Quando os jovens se infiltram na área isolada, Julia se encontra com um alienígena, que termina salvando sua vida. A partir daí, enquanto seus amigos só se interessam por uma estranha armadura deixada pelo invasor, Julia descobre que este está ferido e procura ajudá-lo, com o apoio de um colega nerd, Google (Evgenly Mikheev).

As coisas se precipitam, e uma batalha confusa tem lugar junto à espaçonave, com um ensandecido Tyoma fazendo uso da armadura alienígena, enquanto Julia, seu pai e o alien Hakon tentam por fim ao conflito.

Um aspecto interessante deste filme é a utilização do sentimento xenófobo que tanto tem assolado o mundo nos últimos tempos, usados por líderes populistas contra os imigrantes e como forma de angariar mais seguidores.

Apesar de não ter nomes conhecidos fora da Rússia, o elenco é experiente no cinema e na TV, e tem uma atuação segura, bem diferente do padrão melodramático que marca muitas produções eslavas. Outra coisa que chama a atenção é o bom uso de efeitos especiais, tanto na espaçonave alienígena quanto nas cenas de batalha.

O final de “Atração” já sugeria que poderia haver uma continuação, que se concretizou em 2020 com “Invasão”. A história segue com os mesmos personagens três anos após os eventos mostrados no primeiro filme.

Julia está na universidade, e para onde vai é cercada por seguranças. Essa medida deve-se não só ao fato de seu pai agora ser general, como também participa de pesquisas sobre os artefatos deixados pelos alienígenas no primeiro filme. Seu ex-namorado, Tyoma, também participa das pesquisas, mas numa condição de prisioneiro, por conta de seus atos pregressos.

A moça sofreu algum tipo de mutação, não só pela estranha pulseira recebida do alien, como também quando foi salva da morte na espaçonave. Porém, embora perceba que algo diferente acontece dentro dela, não consegue ter ideia do que pode fazer com essa energia.

Tudo muda quando ela descobre que o alienígena que imaginava morto está vivo, “com endereço, horta e emprego”, vivendo num subúrbio de Moscou. Mas, este encontro também desencadeia outras consequências quando RA, a inteligência artificial que controla a nave extraterrestre, decide eliminar Julia, pelo perigo que ela representa.

Enquanto Lebedev tenta proteger a filha, RA interfere nas comunicações, alterando notícias e até conversas telefônicas com o objetivo de matar Julia. Como bem sabia Goebbels & Cia, quem domina as comunicações, domina tudo.

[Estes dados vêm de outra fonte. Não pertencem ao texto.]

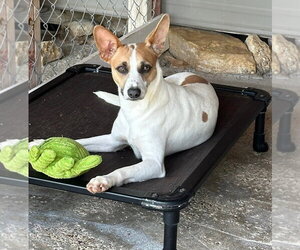 Mutt Dogs for adoption in Oak Bluffs, MA, USA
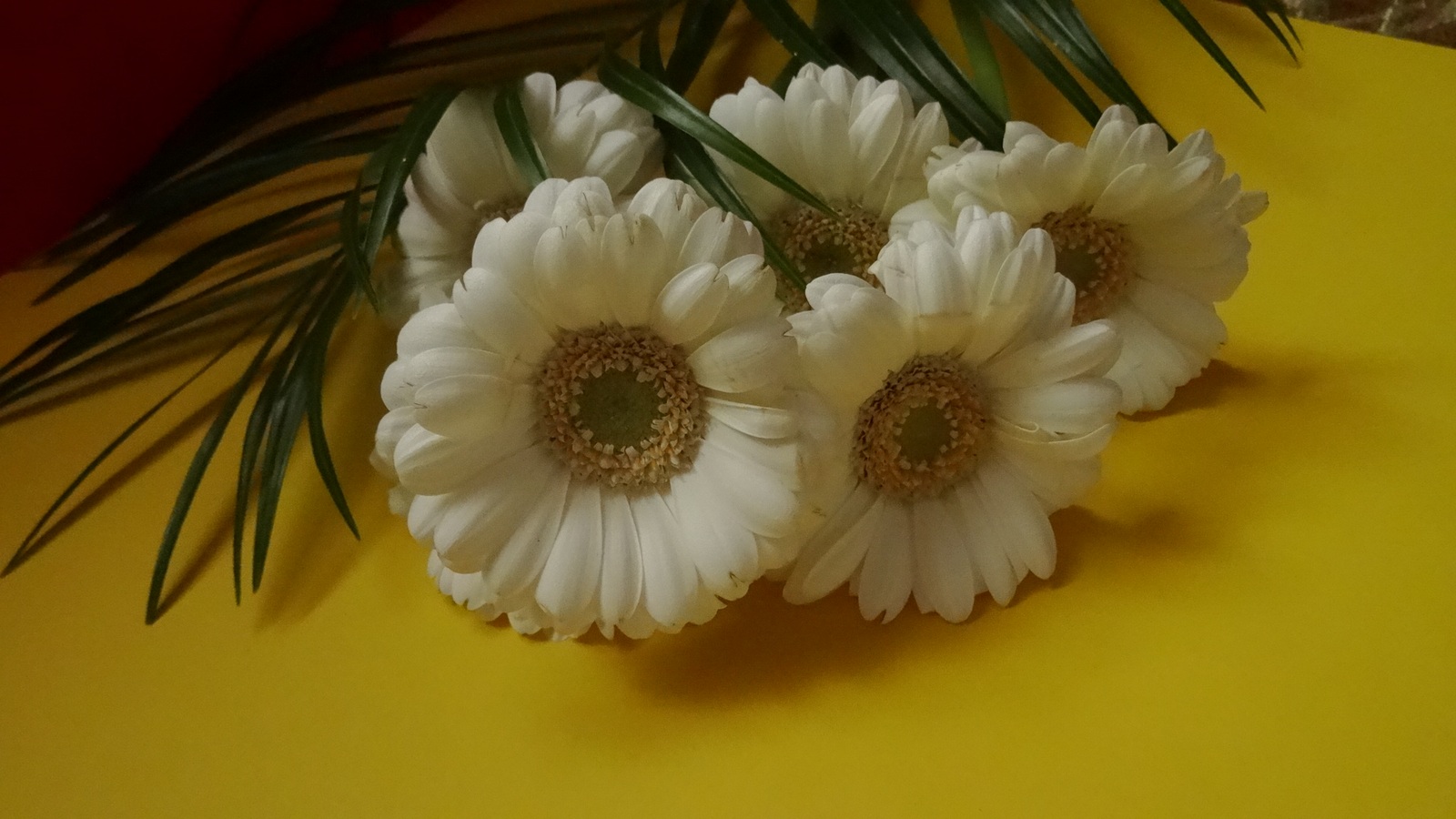 [Image: KvlBnUX.jpg]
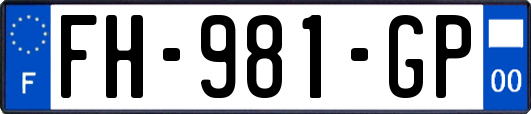 FH-981-GP
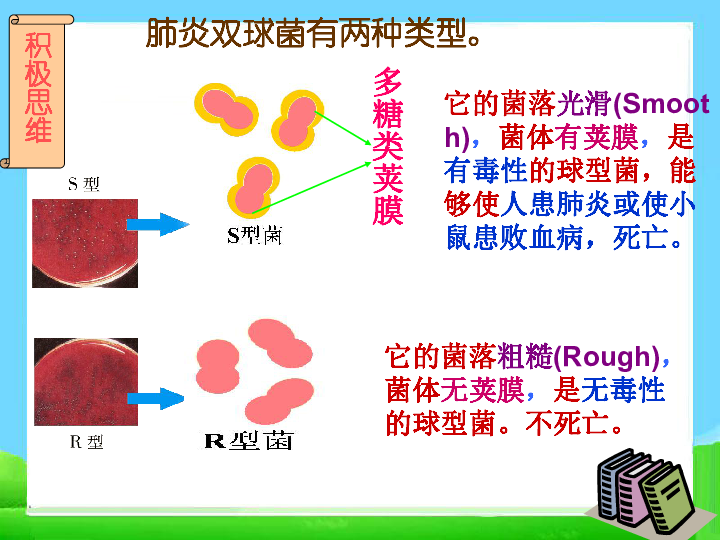 人教版高中生物必修二3.1-DNA是主要的遗传物质(44张)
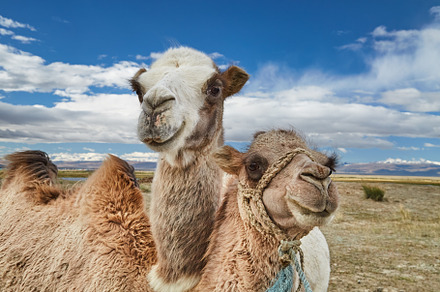 Camels in Mongolian desert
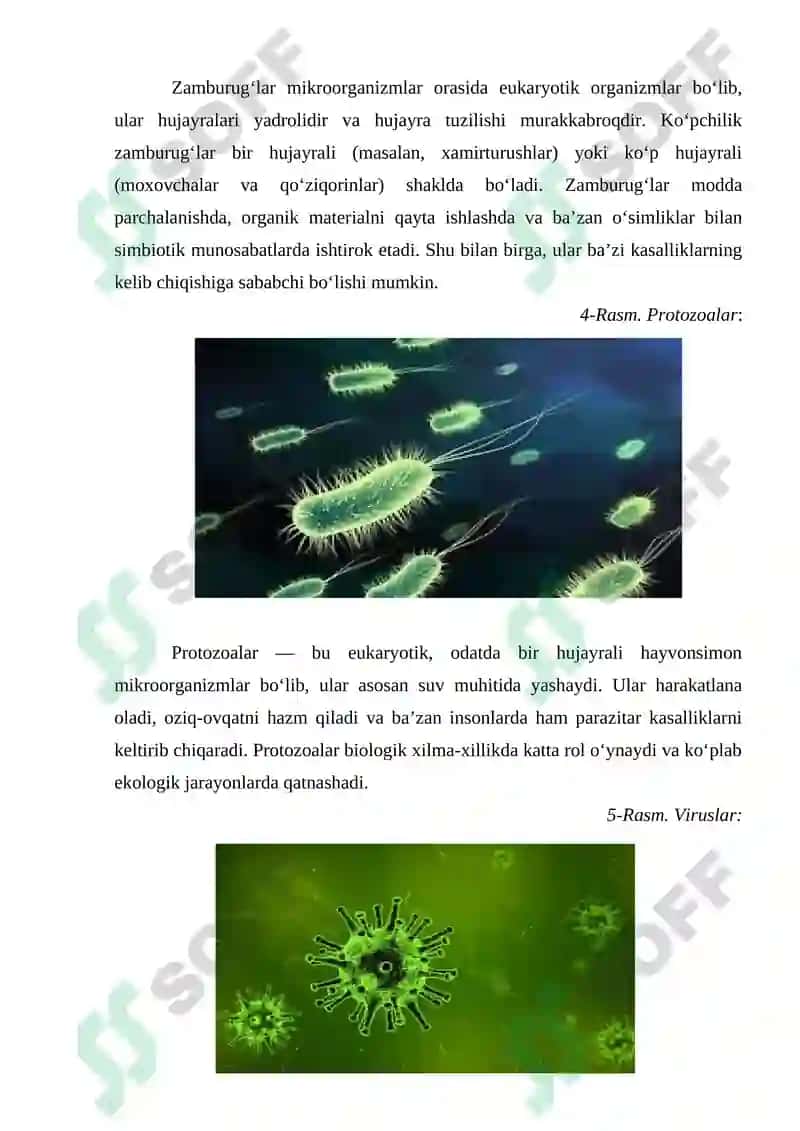 FERMENTLI PREPARATLAR ISHLAB CHIQARISH 7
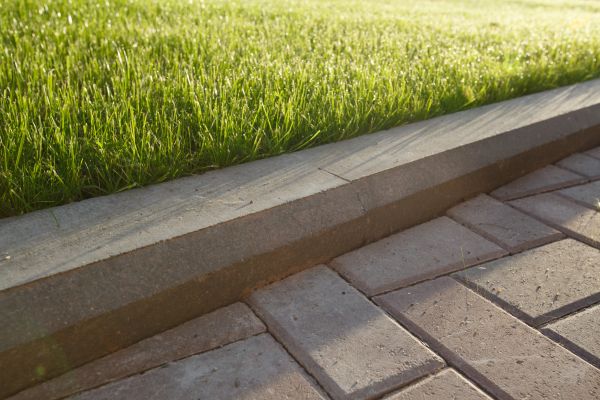Lawn Edging Replacement in Longmont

Desta vez o embate entre os terrestres e invasores se aproxima do que estamos acostumados a ver nas telas, embora o duplo dilúvio seja uma solução original que nunca presenciei antes em qualquer filme de ficção.

Estes dois filmes são muito interessantes, não só pela abordagem diferente do que estamos acostumados pelos padrões hollywoodianos, como também por serem peças de entretenimento bem ao gosto dos amantes de filmes de ação.